Pour que ça marche, il faudrait une structure économique très saine et très renforcée. Ce n’est actuellement pas le cas puisque les réformes nécessaires n’ont pas été engagées.  Le seul pays en Europe qui peut profiter d’une baisse de l’euro, c’est l’Allemagne qui exporte déjà, peut être trop, en dehors de la zone euro. En revanche, la baisse de l’euro va renchérir les importations, le pétrole, les automobiles, les articles textiles, les produits alimentaires. Pour soutenir la consommation, on aurait pu trouver mieux !

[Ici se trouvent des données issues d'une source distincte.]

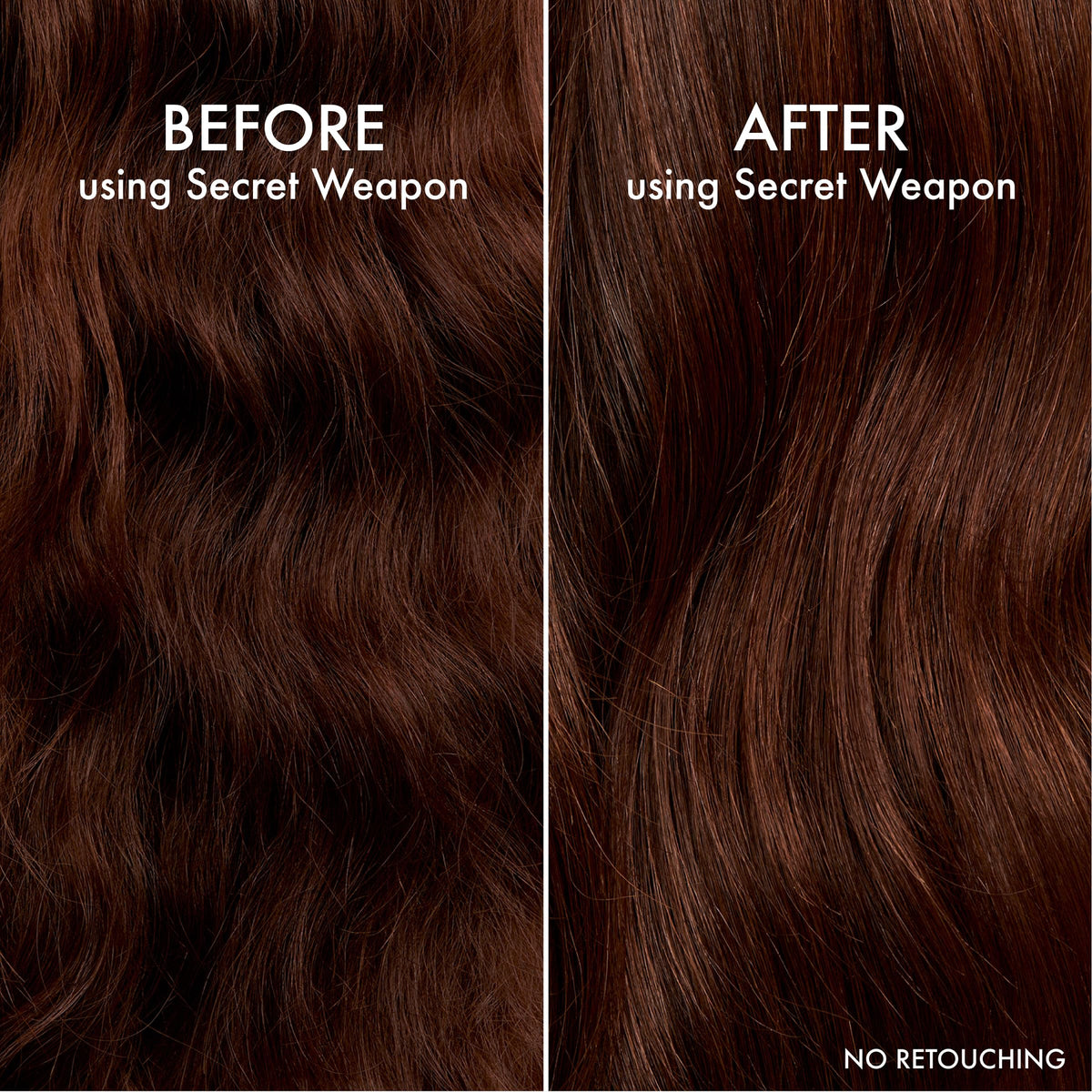 John Frieda applying crème to damp hair before blow-drying for sleek results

Mais le risque le plus grave que Bruxelles redoute, c’est la fuite des capitaux sur le dollar. La plupart des pays européens, tous sauf l’Allemagne, ont besoin de financer leur déficit de dépenses publiques et leur dette. Si les capitaux préfèrent s’orienter sur les États-Unis plus rémunérateurs, les taux de marchés appliqués en Europe vont monter. Si les taux de marchés augmentent en Europe, la crise de la dette mettra à mal les banques et tous le système. Les banques sont déjà en mauvais état en dépit des profits déclarés, qui ne sont que le résultat d’une spéculation sur les liquidités distribuées par les banquiers centraux. Si Mario Draghi la semaine dernière n’a pas publié le résultat des stress tests que l'on a fait passer aux banques, c’est évidemment parce que ces résultats sont extrêmement mauvais.

Tant que la BCE et la FED ne seront pas synchronisées, le risque sera présent. La Banque centrale européenne fait tout ce qui est en son pouvoir pour soutenir l’activité et apporter des liquidités. Elle va très rapidement se retrouver en porte-à-faux. La FED va remonter ses taux, la BCE ne peut absolument pas le faire sauf à étrangler ce qui reste des économies européennes.

La seule solution, que les États à la traine donnent des preuves de gestion budgétaire plus rigoureuses. C’est la première mission confiée à Pierre Moscovici arrivé mercredi à Bruxelles. Face à la France, c’est pour lui "mission impossible".